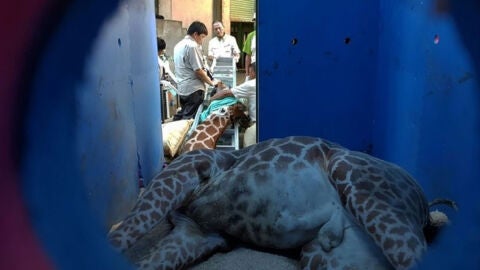 Jirafa muerta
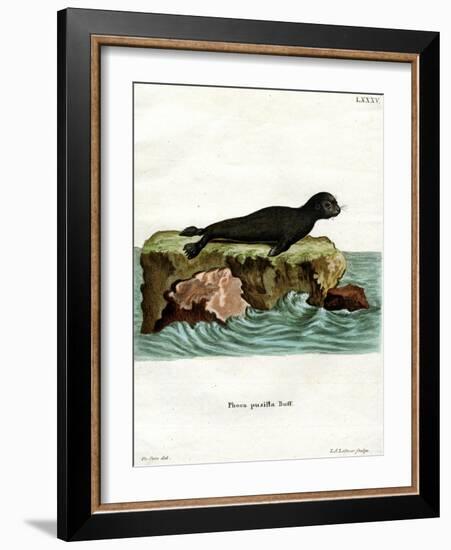 Brown Fur Seal-null-Framed Giclee Print
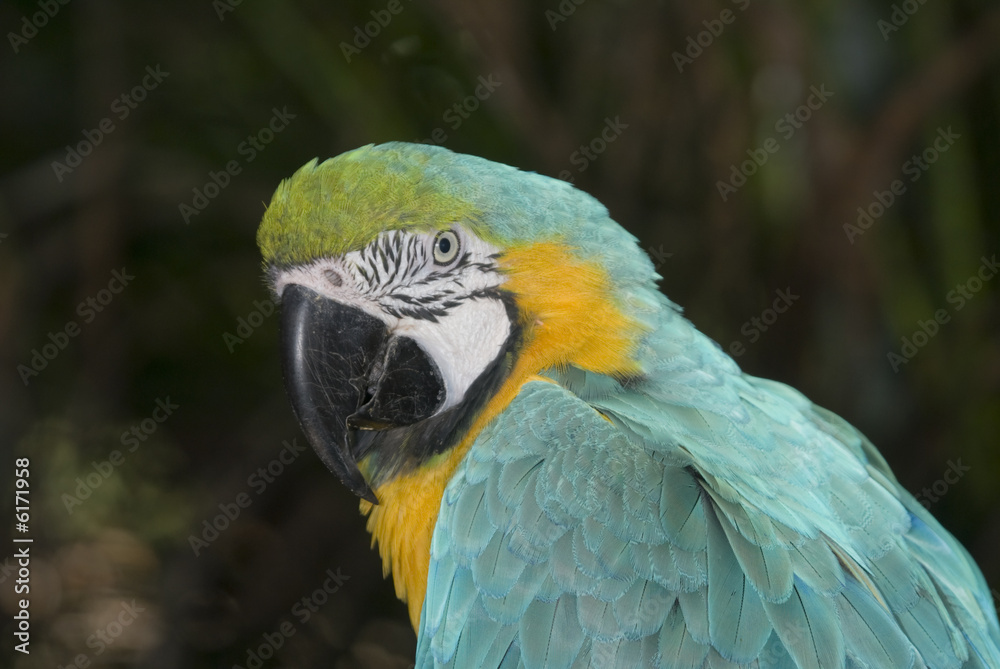 Blue and Yellow Macaw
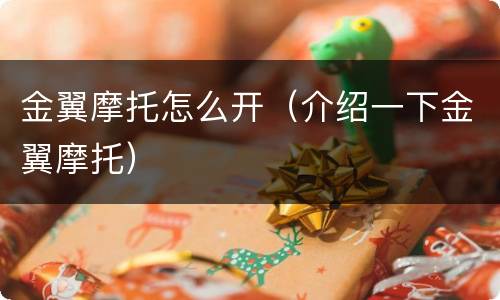 金翼摩托怎么开（介绍一下金翼摩托）
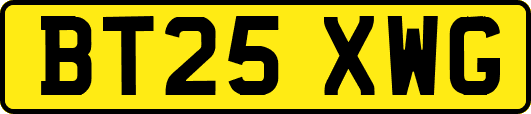 BT25XWG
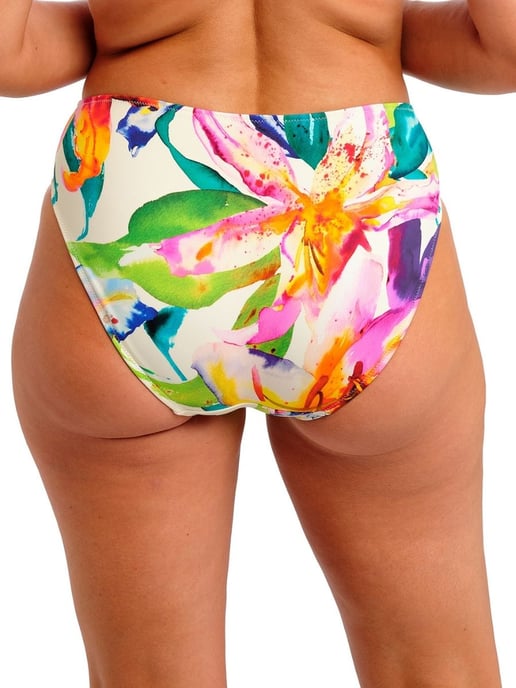 Iguazu Falls Bikini Brief - Image 2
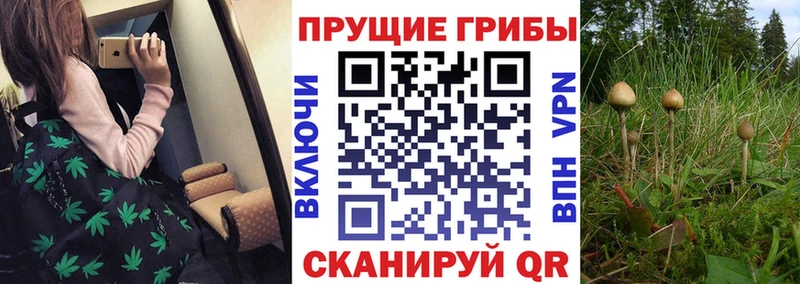 Псилоцибиновые грибы Magic Shrooms Стрежевой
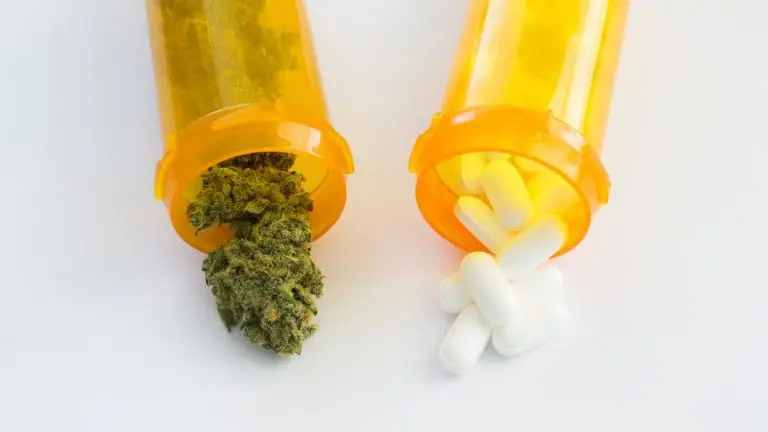 marijuana and opioids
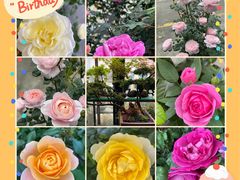 -金科花卉市场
#####
• Try it:
Retype the listing above exactly, please. Pictures do not belong in the copy.

• Result of this exercise:
 Jirafa muerta
 Brown Fur Seal-null-Framed Giclee Print
 Blue and Yellow Macaw
 金翼摩托怎么开（介绍一下金翼摩托）
 BT25XWG
 Iguazu Falls Bikini Brief - Image 2
 Псилоцибиновые грибы Magic Shrooms Стрежевой
 marijuana and opioids
 -金科花卉市场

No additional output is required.